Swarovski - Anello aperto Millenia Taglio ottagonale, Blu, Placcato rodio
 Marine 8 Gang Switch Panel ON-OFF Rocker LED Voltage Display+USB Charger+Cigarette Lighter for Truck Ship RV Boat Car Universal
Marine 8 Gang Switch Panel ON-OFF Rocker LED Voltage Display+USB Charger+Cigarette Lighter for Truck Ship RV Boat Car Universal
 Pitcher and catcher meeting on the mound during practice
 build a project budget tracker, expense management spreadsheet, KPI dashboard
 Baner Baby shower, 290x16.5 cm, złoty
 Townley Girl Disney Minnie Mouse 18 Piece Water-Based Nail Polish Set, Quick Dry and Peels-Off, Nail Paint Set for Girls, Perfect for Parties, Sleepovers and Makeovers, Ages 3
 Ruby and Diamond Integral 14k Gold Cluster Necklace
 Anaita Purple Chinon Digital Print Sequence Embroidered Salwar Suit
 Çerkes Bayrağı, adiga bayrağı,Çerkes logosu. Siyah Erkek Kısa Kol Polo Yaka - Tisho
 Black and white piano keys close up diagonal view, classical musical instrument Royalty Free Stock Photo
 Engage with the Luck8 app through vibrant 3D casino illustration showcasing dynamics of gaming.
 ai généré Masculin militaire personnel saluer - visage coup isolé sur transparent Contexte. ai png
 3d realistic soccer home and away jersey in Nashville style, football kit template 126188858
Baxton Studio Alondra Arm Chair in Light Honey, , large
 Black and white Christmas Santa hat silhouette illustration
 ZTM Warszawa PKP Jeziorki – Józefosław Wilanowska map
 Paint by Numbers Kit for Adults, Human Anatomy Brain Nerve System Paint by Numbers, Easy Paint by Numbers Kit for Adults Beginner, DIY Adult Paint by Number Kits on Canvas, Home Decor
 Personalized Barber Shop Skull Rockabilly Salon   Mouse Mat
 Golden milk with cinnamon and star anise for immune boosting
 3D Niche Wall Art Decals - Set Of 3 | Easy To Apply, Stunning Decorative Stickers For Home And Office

────────────────────────────────────────

What is needed
Every record in the material above should be set down exactly.

Output
Swarovski - Anello aperto Millenia Taglio ottagonale, Blu, Placcato rodio
 Marine 8 Gang Switch Panel ON-OFF Rocker LED Voltage Display+USB Charger+Cigarette Lighter for Truck Ship RV Boat Car Universal
Marine 8 Gang Switch Panel ON-OFF Rocker LED Voltage Display+USB Charger+Cigarette Lighter for Truck Ship RV Boat Car Universal
 Pitcher and catcher meeting on the mound during practice
 build a project budget tracker, expense management spreadsheet, KPI dashboard
 Baner Baby shower, 290x16.5 cm, złoty
 Townley Girl Disney Minnie Mouse 18 Piece Water-Based Nail Polish Set, Quick Dry and Peels-Off, Nail Paint Set for Girls, Perfect for Parties, Sleepovers and Makeovers, Ages 3
 Ruby and Diamond Integral 14k Gold Cluster Necklace
 Anaita Purple Chinon Digital Print Sequence Embroidered Salwar Suit
 Çerkes Bayrağı, adiga bayrağı,Çerkes logosu. Siyah Erkek Kısa Kol Polo Yaka - Tisho
 Black and white piano keys close up diagonal view, classical musical instrument Royalty Free Stock Photo
 Engage with the Luck8 app through vibrant 3D casino illustration showcasing dynamics of gaming.
 ai généré Masculin militaire personnel saluer - visage coup isolé sur transparent Contexte. ai png
 3d realistic soccer home and away jersey in Nashville style, football kit template 126188858
Baxton Studio Alondra Arm Chair in Light Honey, , large
 Black and white Christmas Santa hat silhouette illustration
 ZTM Warszawa PKP Jeziorki – Józefosław Wilanowska map
 Paint by Numbers Kit for Adults, Human Anatomy Brain Nerve System Paint by Numbers, Easy Paint by Numbers Kit for Adults Beginner, DIY Adult Paint by Number Kits on Canvas, Home Decor
 Personalized Barber Shop Skull Rockabilly Salon   Mouse Mat
 Golden milk with cinnamon and star anise for immune boosting
 3D Niche Wall Art Decals - Set Of 3 | Easy To Apply, Stunning Decorative Stickers For Home And Office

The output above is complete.